▶ [Exercise objective]:
Would you retype the lines from the one that holds "Verpackung von Orthomol" to the final line of the entries below, both ends included and exactly as written, but without pictures?

(Data excerpts)
* * * * * * *
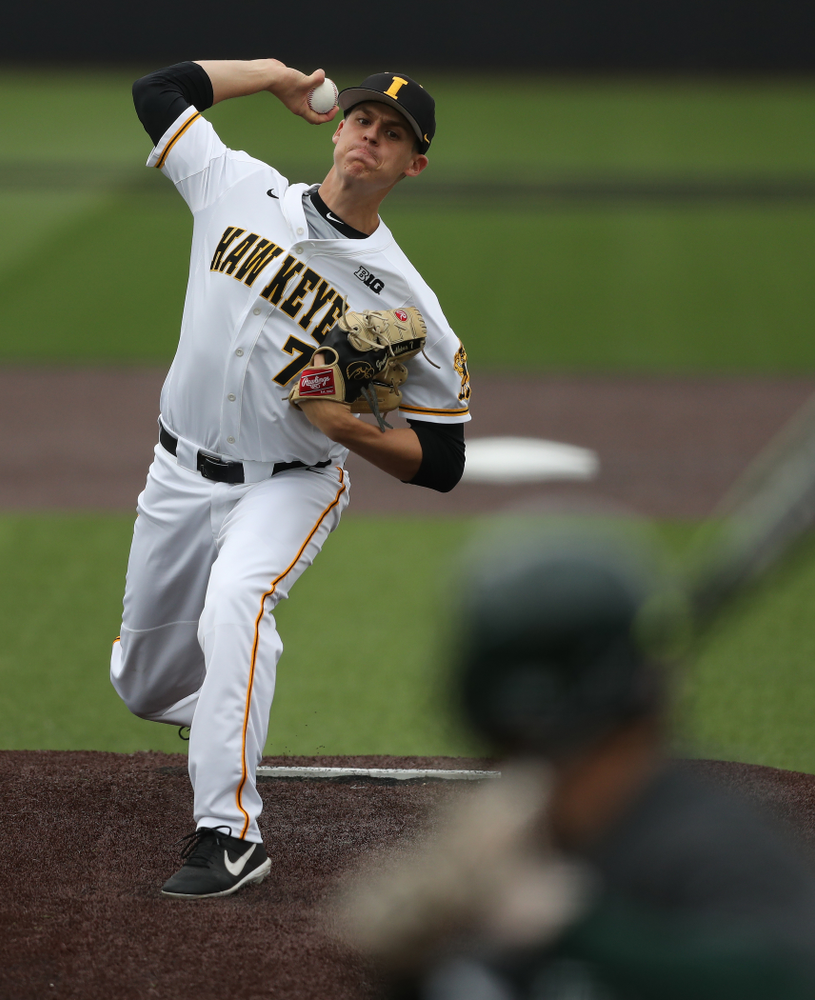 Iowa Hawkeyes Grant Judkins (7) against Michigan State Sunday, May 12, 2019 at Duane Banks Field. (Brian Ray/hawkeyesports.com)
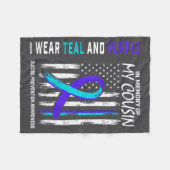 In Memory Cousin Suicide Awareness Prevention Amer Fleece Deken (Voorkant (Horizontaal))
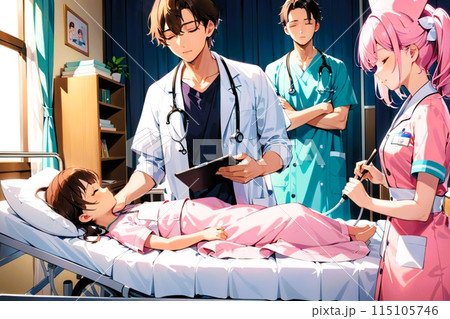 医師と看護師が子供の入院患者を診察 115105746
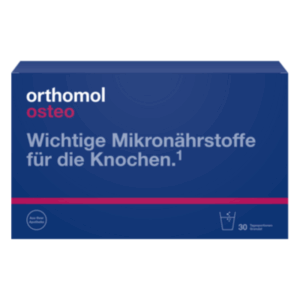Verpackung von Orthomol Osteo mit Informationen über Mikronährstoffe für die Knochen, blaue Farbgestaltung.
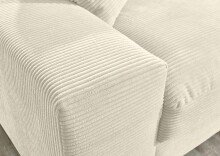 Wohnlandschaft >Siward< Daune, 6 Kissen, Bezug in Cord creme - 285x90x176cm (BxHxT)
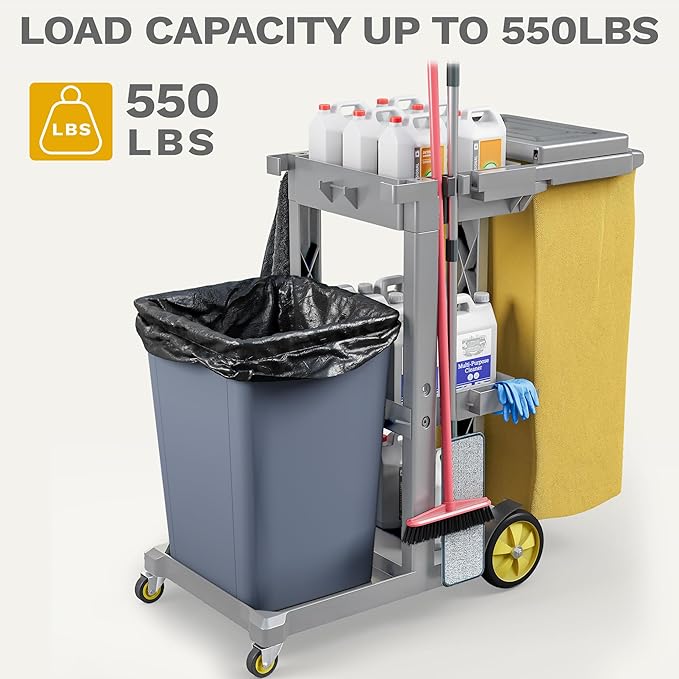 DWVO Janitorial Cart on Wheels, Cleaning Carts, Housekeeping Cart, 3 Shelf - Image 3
* * * * * * *
▶ [Solution for this problem]:
Verpackung von Orthomol Osteo mit Informationen über Mikronährstoffe für die Knochen, blaue Farbgestaltung.
 Wohnlandschaft >Siward< Daune, 6 Kissen, Bezug in Cord creme - 285x90x176cm (BxHxT)
 DWVO Janitorial Cart on Wheels, Cleaning Carts, Housekeeping Cart, 3 Shelf - Image 3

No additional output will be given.